Start of RECORDS FOR THIS TASK
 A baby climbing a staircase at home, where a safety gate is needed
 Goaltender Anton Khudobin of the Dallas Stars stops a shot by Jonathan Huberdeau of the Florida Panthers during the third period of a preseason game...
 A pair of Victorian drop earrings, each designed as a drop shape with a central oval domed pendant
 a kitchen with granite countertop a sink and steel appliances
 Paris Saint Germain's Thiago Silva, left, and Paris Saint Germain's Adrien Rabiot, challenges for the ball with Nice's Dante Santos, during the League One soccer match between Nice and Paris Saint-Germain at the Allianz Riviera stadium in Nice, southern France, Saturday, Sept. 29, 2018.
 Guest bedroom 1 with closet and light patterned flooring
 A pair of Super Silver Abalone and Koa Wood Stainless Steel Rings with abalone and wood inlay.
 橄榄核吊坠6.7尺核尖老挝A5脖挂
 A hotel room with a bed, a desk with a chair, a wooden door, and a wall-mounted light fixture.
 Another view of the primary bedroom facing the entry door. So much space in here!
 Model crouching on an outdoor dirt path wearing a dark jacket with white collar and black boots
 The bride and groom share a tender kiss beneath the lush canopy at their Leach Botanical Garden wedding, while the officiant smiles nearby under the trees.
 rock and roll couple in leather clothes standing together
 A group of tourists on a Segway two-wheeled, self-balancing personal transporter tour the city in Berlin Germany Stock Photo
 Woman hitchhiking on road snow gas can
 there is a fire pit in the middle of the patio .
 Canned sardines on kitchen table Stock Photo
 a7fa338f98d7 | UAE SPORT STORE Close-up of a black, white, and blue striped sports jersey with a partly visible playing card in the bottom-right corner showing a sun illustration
End of RECORDS FOR THIS TASK
THE TASK: Write each entry out again, exactly as it reads above.

ANSWER:
 A baby climbing a staircase at home, where a safety gate is needed
 Goaltender Anton Khudobin of the Dallas Stars stops a shot by Jonathan Huberdeau of the Florida Panthers during the third period of a preseason game...
 A pair of Victorian drop earrings, each designed as a drop shape with a central oval domed pendant
 a kitchen with granite countertop a sink and steel appliances
 Paris Saint Germain's Thiago Silva, left, and Paris Saint Germain's Adrien Rabiot, challenges for the ball with Nice's Dante Santos, during the League One soccer match between Nice and Paris Saint-Germain at the Allianz Riviera stadium in Nice, southern France, Saturday, Sept. 29, 2018.
 Guest bedroom 1 with closet and light patterned flooring
 A pair of Super Silver Abalone and Koa Wood Stainless Steel Rings with abalone and wood inlay.
 橄榄核吊坠6.7尺核尖老挝A5脖挂
 A hotel room with a bed, a desk with a chair, a wooden door, and a wall-mounted light fixture.
 Another view of the primary bedroom facing the entry door. So much space in here!
 Model crouching on an outdoor dirt path wearing a dark jacket with white collar and black boots
 The bride and groom share a tender kiss beneath the lush canopy at their Leach Botanical Garden wedding, while the officiant smiles nearby under the trees.
 rock and roll couple in leather clothes standing together
 A group of tourists on a Segway two-wheeled, self-balancing personal transporter tour the city in Berlin Germany Stock Photo
 Woman hitchhiking on road snow gas can
 there is a fire pit in the middle of the patio .
 Canned sardines on kitchen table Stock Photo
 a7fa338f98d7 | UAE SPORT STORE Close-up of a black, white, and blue striped sports jersey with a partly visible playing card in the bottom-right corner showing a sun illustration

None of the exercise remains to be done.